**SOURCE DATA**.

::::

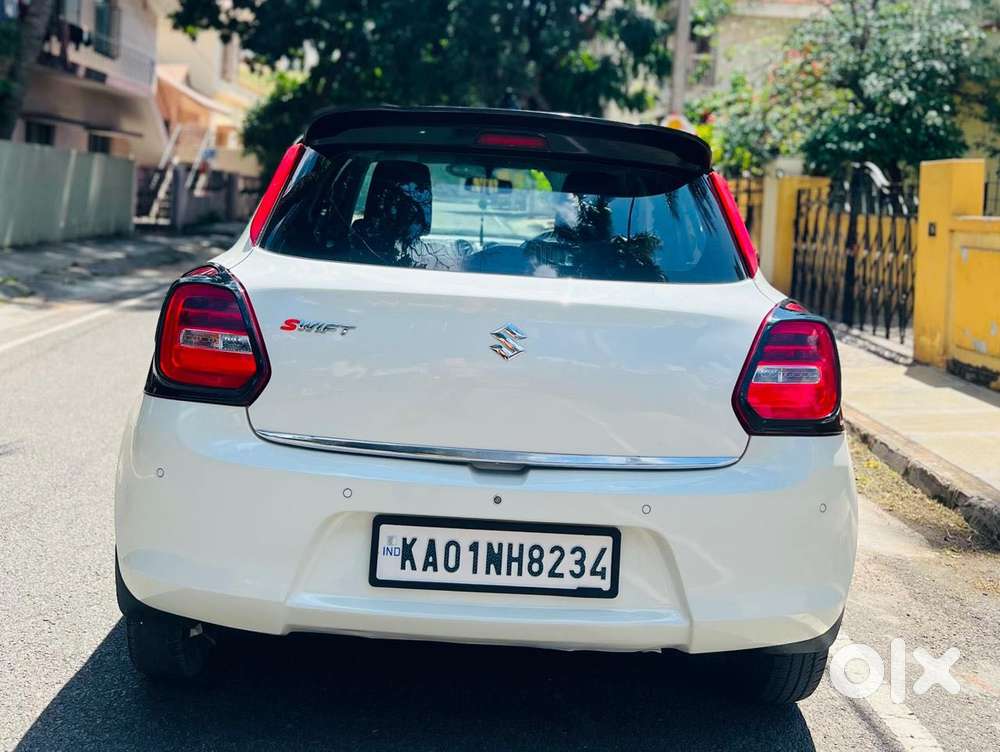 Maruti Suzuki Swift Vxi Optional, 2020, Petrol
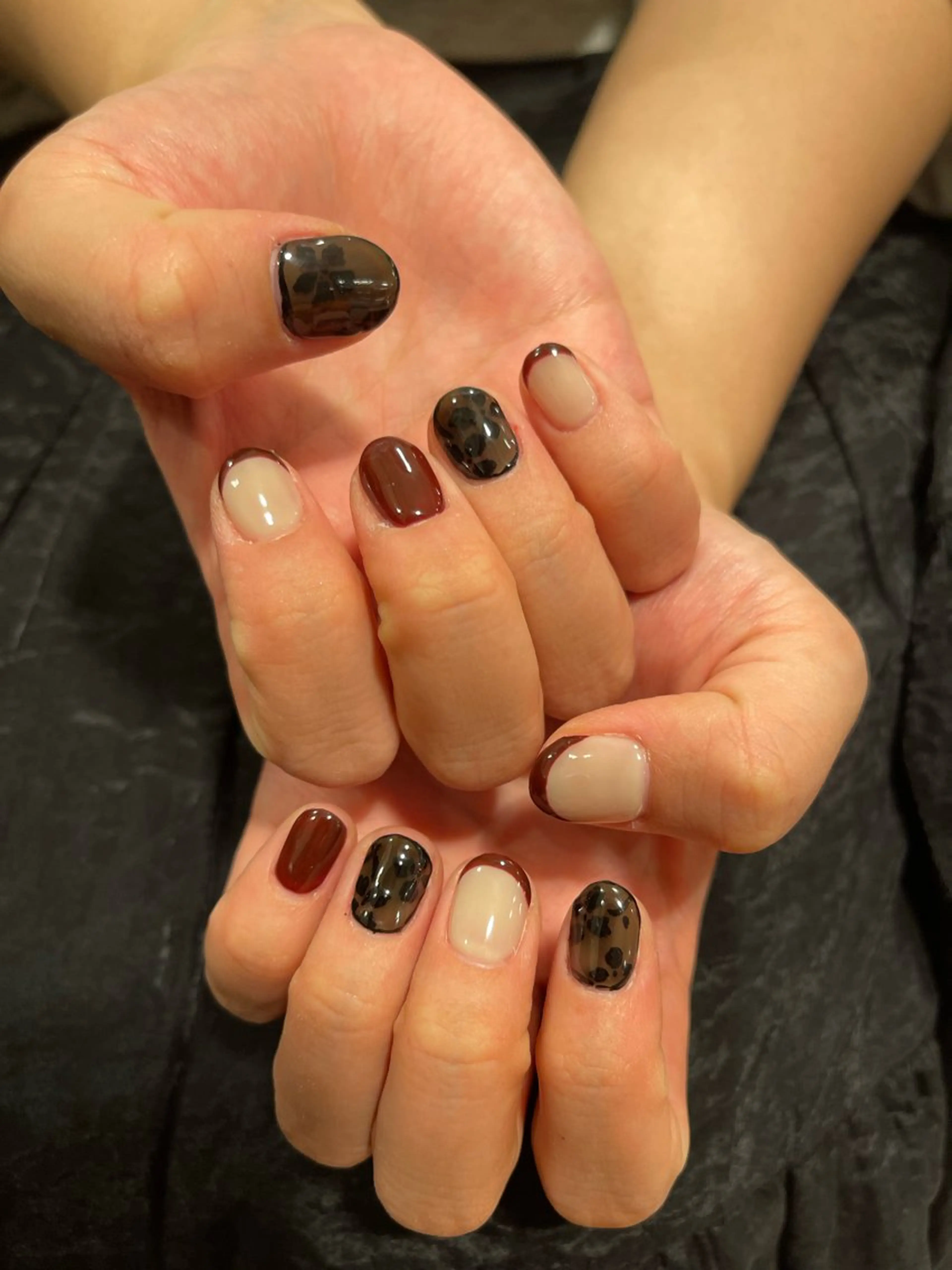 ネイル フレンチネイル ハンドネイル 安藤 沙妃のヘアスタイル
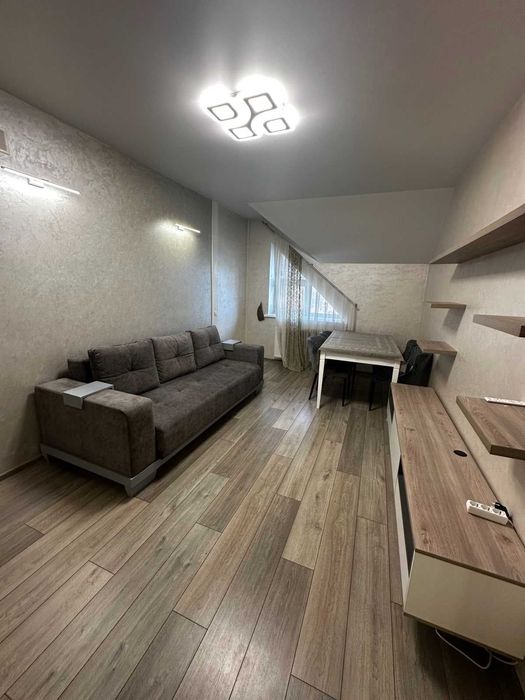Продається квартира в м. Тячів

::::

**BRIEF**.
Could you retype each line of the material above exactly, skipping the pictures?

**SOLUTION TO THE EXERCISE**.
 Maruti Suzuki Swift Vxi Optional, 2020, Petrol
 ネイル フレンチネイル ハンドネイル 安藤 沙妃のヘアスタイル
Продається квартира в м. Тячів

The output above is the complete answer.